Since then, only three Vietnamese credits have raised US$1.2bn combined from widely marketed offshore bonds with developer Bim Land’s US$200m offering in April 2021 being the most recent deal, according to IFR data.
Returning for more
By contrast, the offshore loan market has been a viable funding option for Vietnamese borrowers, which have raised US$30.85bn from 136 loans since the beginning of 2015, according to LPC data.
Banks willing to take exposure to the country face an embarrassment of riches this year. For instance, Masan, a top-tier conglomerate, has launched a five-year loan of up to US$650m paying top level all-in pricing of 373.95bp based on an interest margin of 350bp over SOFR.
If Masan manages to raise that size, it will beat its largest loan so far – a US$600m five-year facility that closed last October paying a top-level all-in of 305bp via a margin of 290bp over SOFR. That deal was a blowout, attracting 37 lenders in general syndication, with Taiwanese lenders accounting for the bulk of the retail liquidity.
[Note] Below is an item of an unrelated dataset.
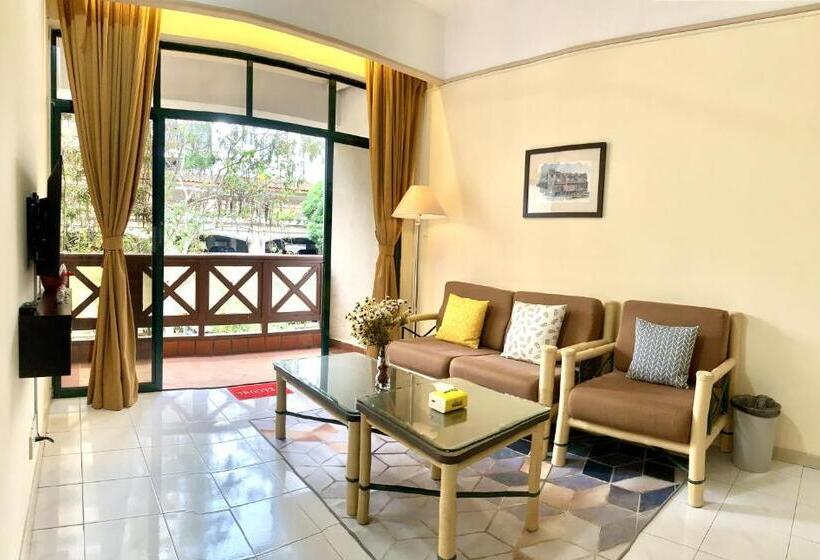 Pool View 2 Mahkota Hotel Melaka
VPBank’s US$300m three-year social loan launched in January pays a top-level all-in of 198bp based on a margin of 170bp over term SOFR and a remaining average life of 2.75 years. Last July, the bank raised US$600m through a three-year bullet loan paying a top-level all-in of 180bp via a margin of 155bp over SOFR.
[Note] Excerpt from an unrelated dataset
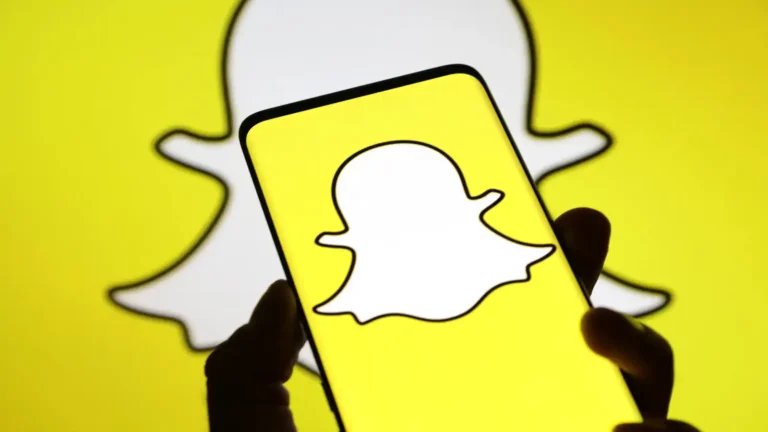 Snapchat Down Worldwide: Users Face Login Failures and App Crashes After Major AWS Outage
Market participants feel the increased pricing is justified as rising global interest rates raise funding costs for offshore banks, in contrast to last year when foreign lenders competed for mandates with aggressive terms.
“We think the pricing now is reasonable in terms of Vietnam’s country rating, and we need higher pricing to compensate for the higher rate risks we are taking due to the rising interest rates and global market volatility,” said a senior loan banker from a Taiwanese bank. “The pricing on those Vietnamese loans from 2021 and 2022 was a bit too tight because of intense competition among lenders for assets amid a dearth of deals from Indonesia and India due to the coronavirus pandemic.”
Some borrowers unwilling to meet the pricing expectations of foreign lenders are struggling to attract liquidity. Two such examples are the Vietnamese unit of South Korean display panel maker LG Display and state-owned Military Bank.
Both borrowers launched three-year loans last October offering top-level all-ins respectively of 148bp via an interest margin of 140bp over SOFR and 154bp via an interest margin of 135bp over term SOFR. Those levels were tighter than those on loans for other Vietnamese borrowers last year. (See Table.)
LG Display’s unit has scrapped its syndicated green loan of up to US$500m with a guarantee from the parent and is seeking bilateral loans instead from offshore lenders because of tight liquidity in the domestic market in Vietnam. Military Bank’s borrowing has still not closed, while it is not clear if other loans for Vietnam Maritime Commercial Joint Stock Bank and Saigon Hanoi Commercial Joint Stock Bank – also launched in the second half of 2022 – have closed.
“Although the parent might enhance the borrower’s credit profile, the pricing is a bit too tight compared with the other Vietnamese loans in the market,” said a Hong Kong-based loan banker who declined the LG Display deal. “In addition, the global demand for televisions and smartphones has taken a hit due to soaring inflation and a gloomy economic outlook."